The internet paves the way for ever-greater participation in what and how information is generated and disseminated. Today, we not only read and view content (passively) but also contribute our own content. And this new class of ‘prosumers’ – combining the roles of producers and consumers – creates amazingly rich content at dizzying speed, from community edited encyclopaedias (or wikis), to blogs and all kinds of social media.
We are documenting our news, thoughts and hopes, our family histories, and our every movement in ever-more creative formats and platforms. And the internet has become a de facto ‘live’ archive as it systematically captures the digital footprints of our society, and allows us to travel back in time to explore the zeitgeist of previous times – and bad hairdos.

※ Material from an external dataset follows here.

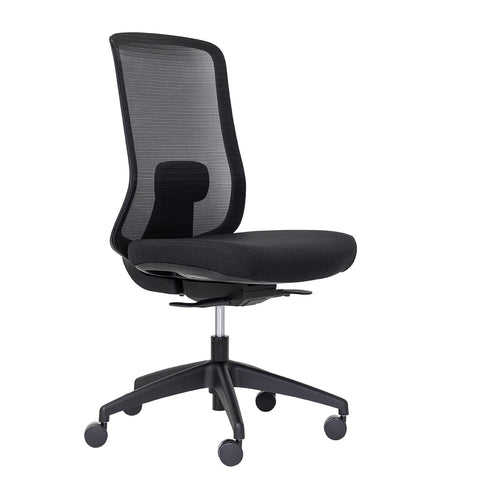 Buro Elan office chair in black, breathable mesh back, depth adjustable seat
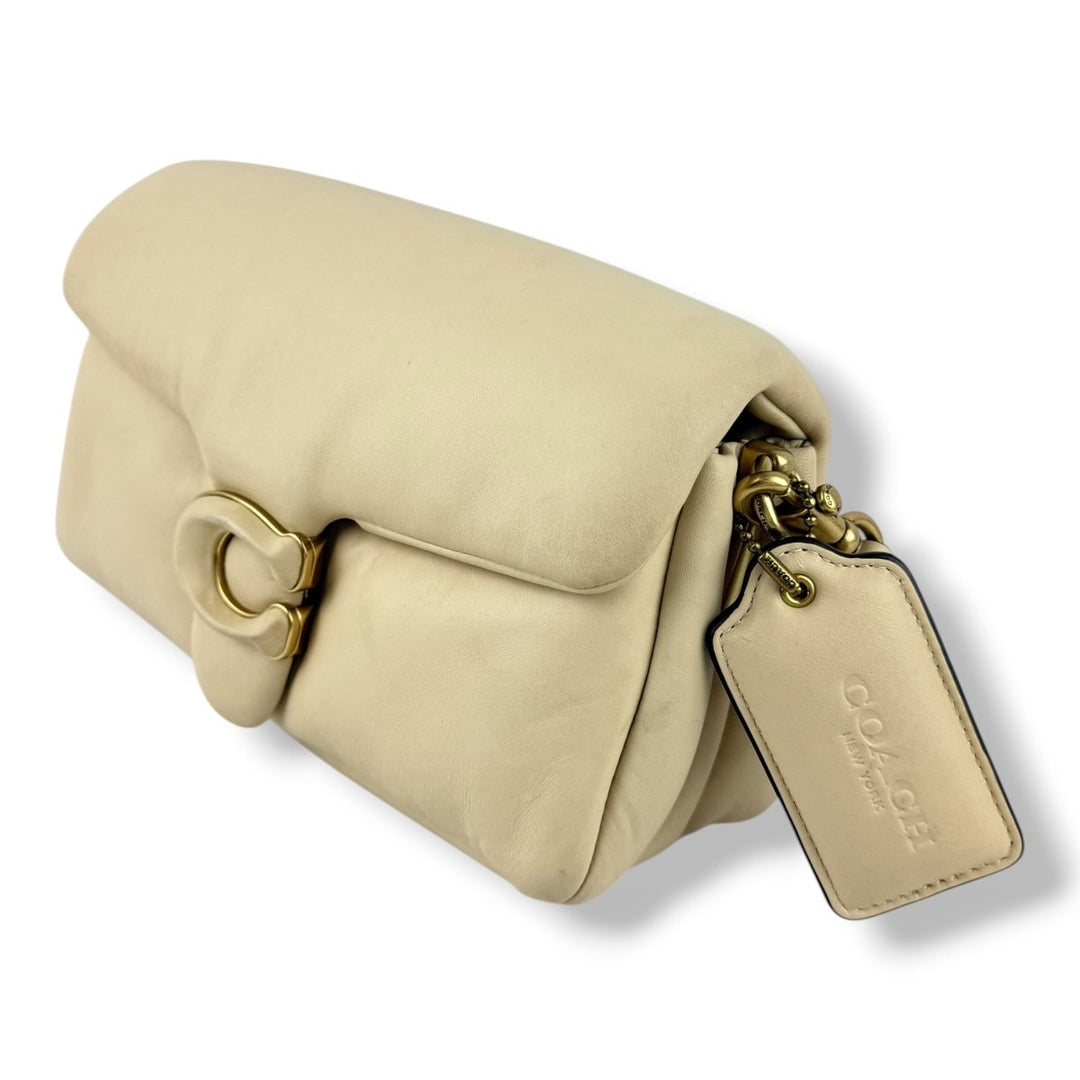 Coach Pillow Tabby 26 Beige Leather Handbag - Lux Central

Web archives are a veritable gold mine for analysts across different application areas, from political analysts and marketing agencies to academic researchers and product developers. The self-proclaimed keepers of our online legacy, the Internet Archive initiative and its European partner Internet Memory Foundation, have ‘captured’ (retained for posterity) more than 350 billion web-pages since 1996.
The EU-supported LAWA project set out to create a Virtual Web Observatory (VWO) on top of the Internet Memory Foundation’s rich repository, in order to explore and analyse content from web-pages and social media longitudinally (over time).
But they struck a problem: internet content is often far from self-explanatory, especially when it dates back years or decades. Typically, background knowledge is needed to interpret the content. For instance, when reading about the debate on renewable energy across Europe after the Fukushima nuclear disaster, you can understand the arguments put forward based on statistical evidence, such as renewable energy data, from the EU’s statistics organisation Eurostat. However, identifying relevant statistics and other background information for any given piece of web content is a more difficult task.
A solution developed in LAWA lifts the content to a semantic level by identifying ‘named entities’ such as people, places, organisations, events, etc. But why are named entities crucial here? Because they can be mapped onto semantic knowledge bases such as Yago or Freebase – the heart of Google Knowledge Graph.
As a result, content is no longer merely ‘plain text’, but annotated with semantic information about entities, and other valuable background knowledge. This way, the computer can infer that a document mentioning energy companies, such as Vattenfall or E.ON, is highly related to the topic of renewable energy and associated statistics. This helps to bridge the gap between text-based web content and statistical evidence.
LAWA’s public demonstrators include analytics interfaces (ways of using the analytical tools) and browser plug-ins that help to semantically enrich, classify, query, analyse and visually explore digital content at web-scale (anywhere!).
“LAWA facilitates large-scale studies of different types of web content and has added a new dimension to the Future Internet research roadmap,” notes the project team. The work of this unique European project has provided valuable impetus to the emerging field of temporal web analytics. Moreover, LAWA has been a driving force behind the launch of the Temporal Web Analytics Workshop series at the internationally-recognised WWW conference, building a thriving research community focused on tackling the challenges and opportunities presented by Big (web) Data.